Print out each record below, unaltered and complete, without its images.

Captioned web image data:
┄┄┄┄┄┄┄┄┄┄┄┄┄┄┄┄┄┄┄┄
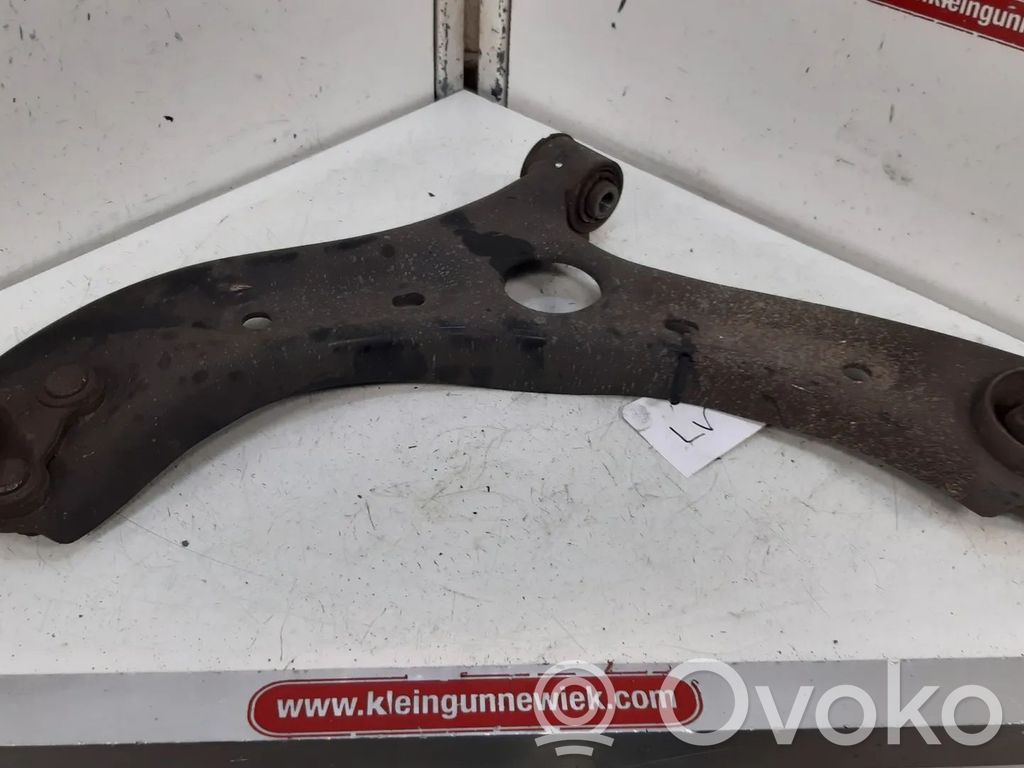 KIA Optima Рычаг 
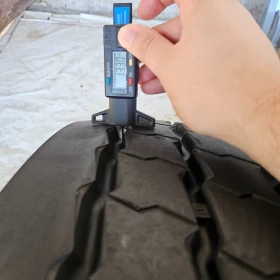 Гуми Всесезонни 235/75R17.5, снимка 4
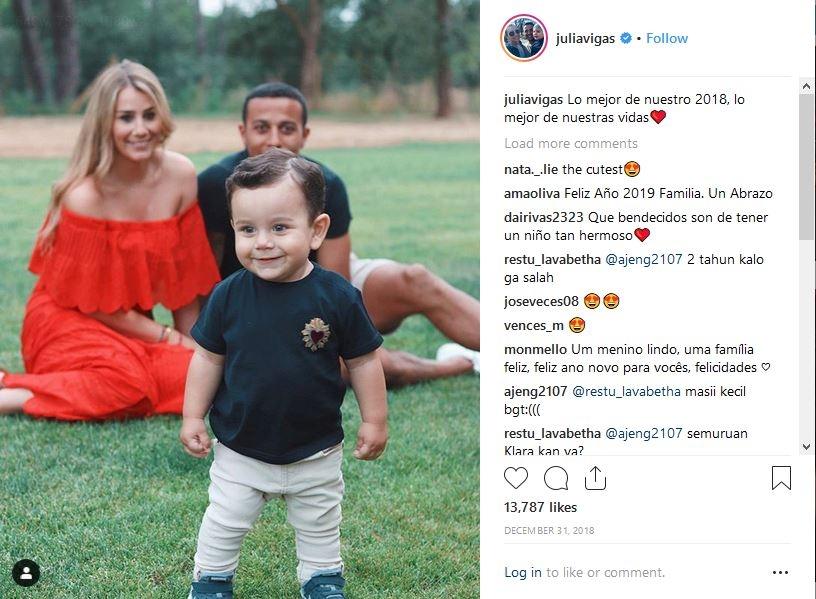 Kebersamaan keluarga Thiago Alcantara dan Julia Vigas (instagram.com/juliavigas)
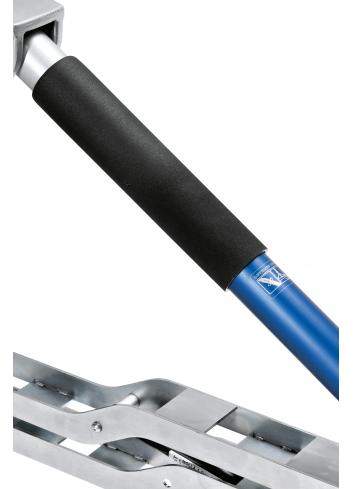 Avenger B7034FF (Long John Silver Junior) | Stalowy statyw oświetleniowy z kółkami i hamulcami, wysokość 338 cm, udźwig 120 kg A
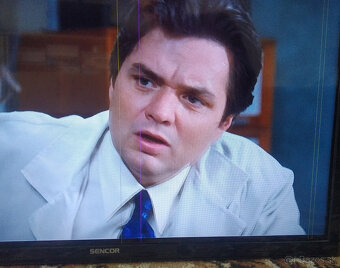 LED televízor Sencor SLE 3213M4 - 3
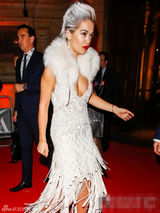 组图：丽塔-欧拉深V皮草礼服秀八字奶 白发惹眼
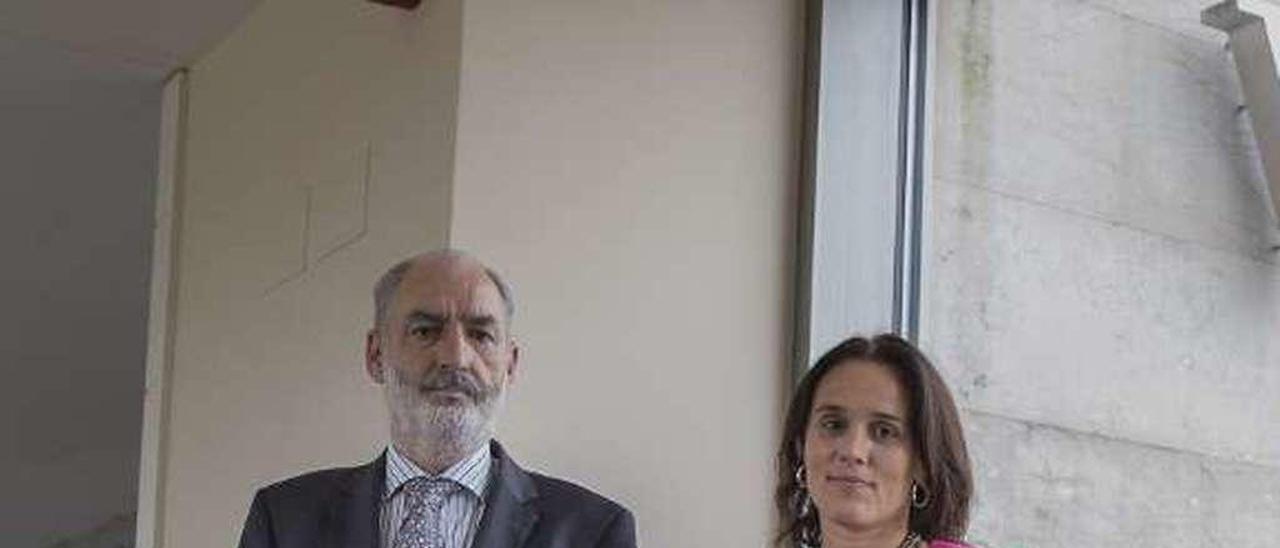 Los letrados Ignacio Gorostiza y Belén Fraga, ayer en Oviedo.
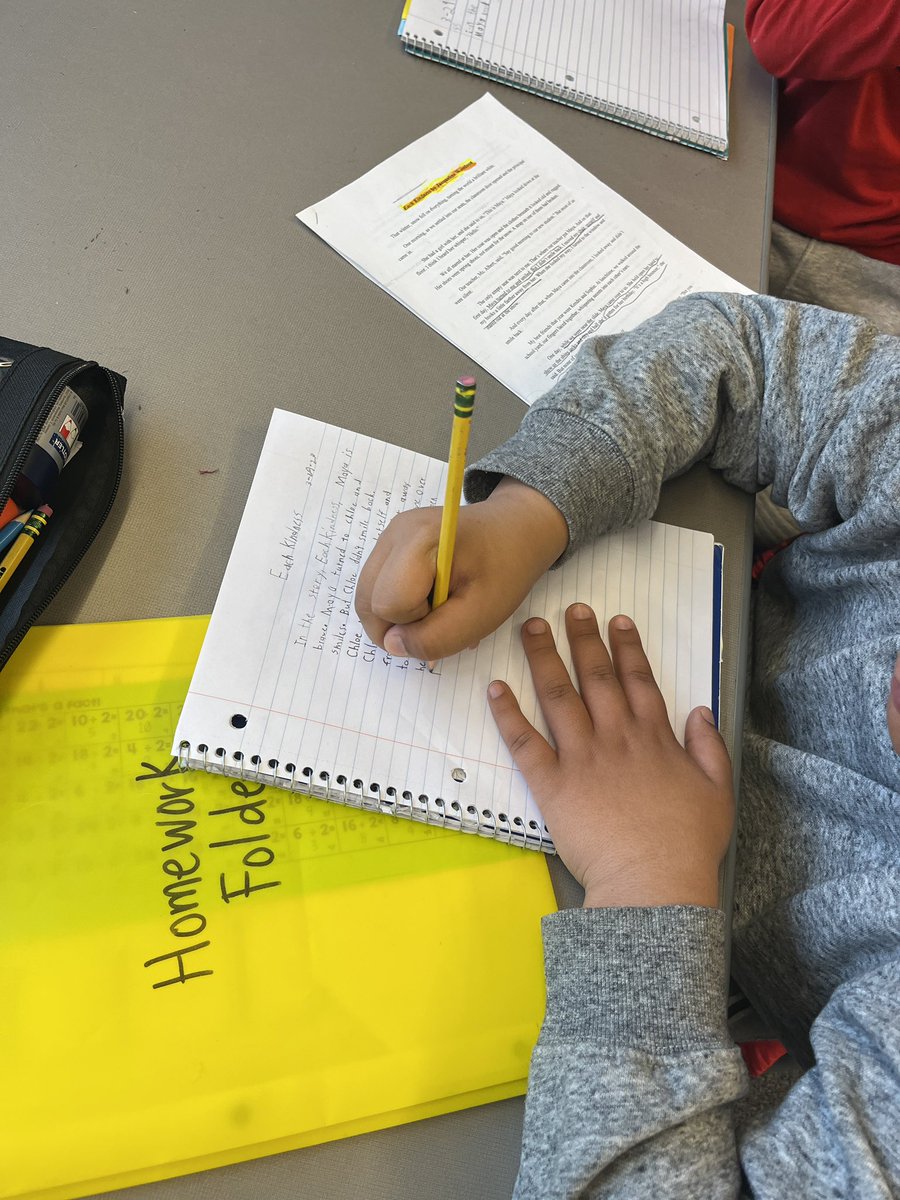 bforrette's tweet image. Love watching kids immersed in writers workshop. This little guy was so proud of his work and so was I! @ParkmeadWC #writersworkshop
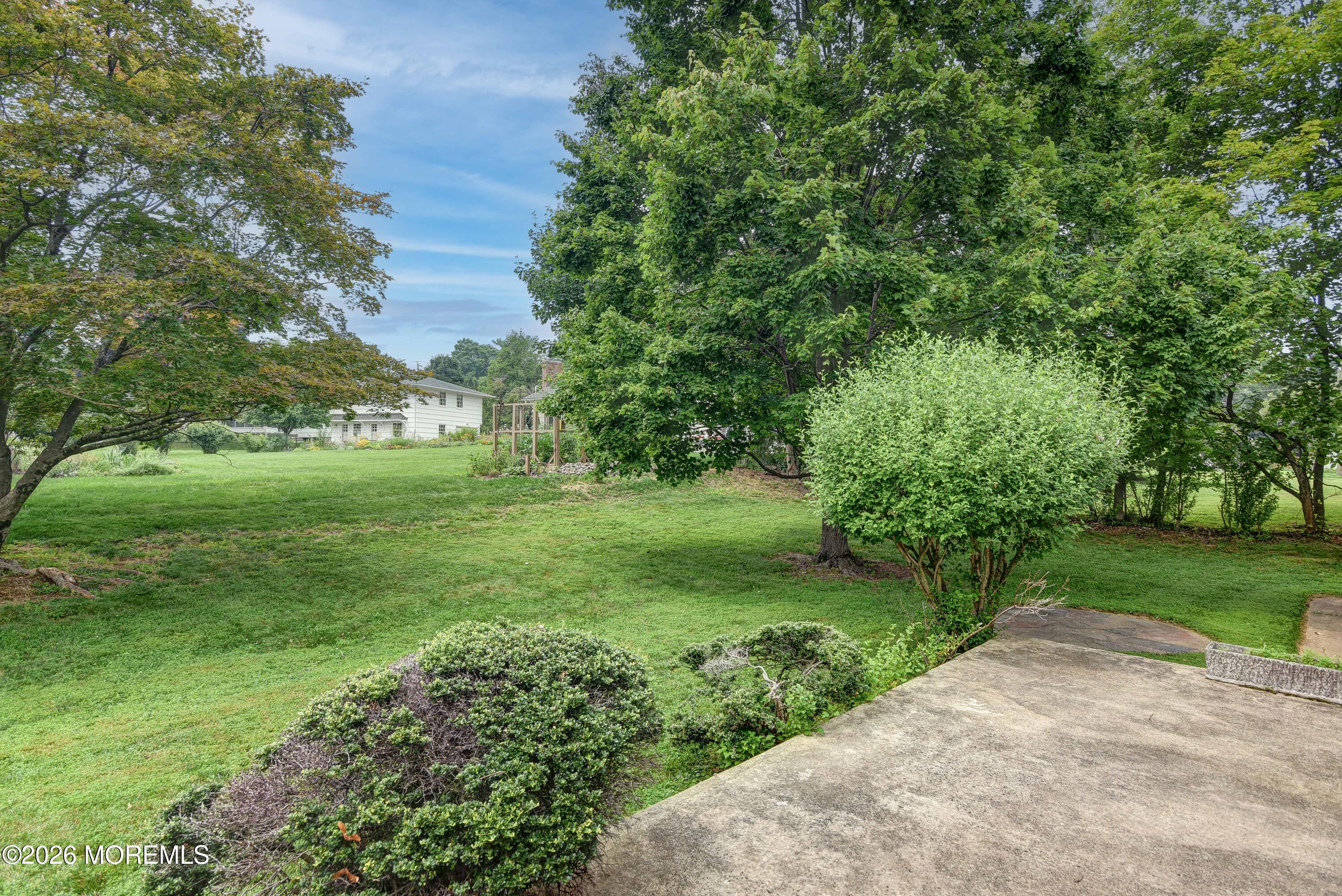 19 Crown Road Ewing NJ 08638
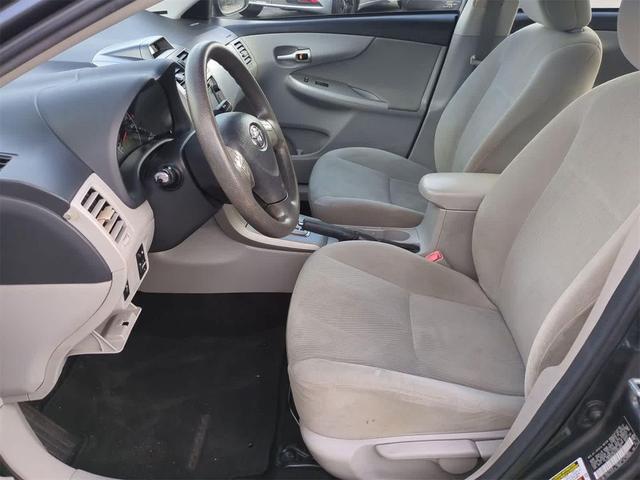 Photo of 2012 Magnetic Gray Metallic Toyota Corolla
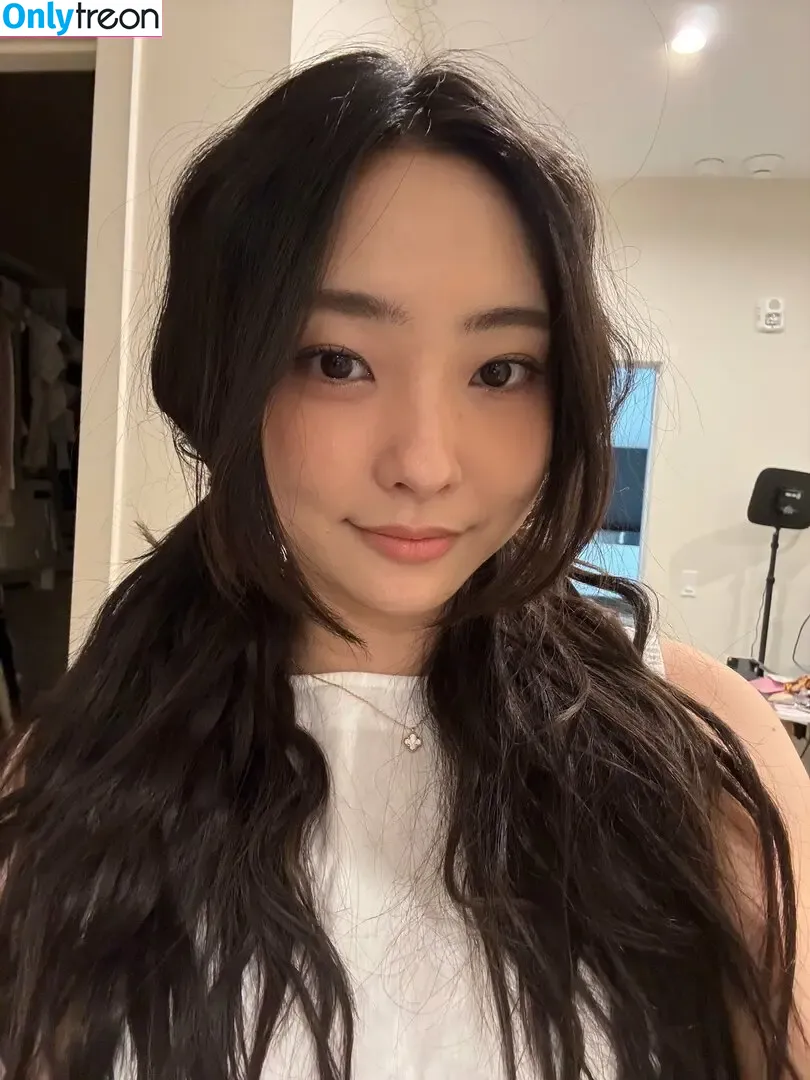 esblee nude photo #0164 (Esther Lee / esblee2 / goodie_isabelle)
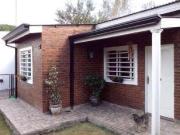 Casa venta 3 dormitorios 1 baño 136 mts2 Etcheverry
┄┄┄┄┄┄┄┄┄┄┄┄┄┄┄┄┄┄┄┄
Result of this task:
 KIA Optima Рычаг 
 Гуми Всесезонни 235/75R17.5, снимка 4
 Kebersamaan keluarga Thiago Alcantara dan Julia Vigas (instagram.com/juliavigas)
 Avenger B7034FF (Long John Silver Junior) | Stalowy statyw oświetleniowy z kółkami i hamulcami, wysokość 338 cm, udźwig 120 kg A
 LED televízor Sencor SLE 3213M4 - 3
 组图：丽塔-欧拉深V皮草礼服秀八字奶 白发惹眼
 Los letrados Ignacio Gorostiza y Belén Fraga, ayer en Oviedo.
 bforrette's tweet image. Love watching kids immersed in writers workshop. This little guy was so proud of his work and so was I! @ParkmeadWC #writersworkshop
 19 Crown Road Ewing NJ 08638
 Photo of 2012 Magnetic Gray Metallic Toyota Corolla
 esblee nude photo #0164 (Esther Lee / esblee2 / goodie_isabelle)
 Casa venta 3 dormitorios 1 baño 136 mts2 Etcheverry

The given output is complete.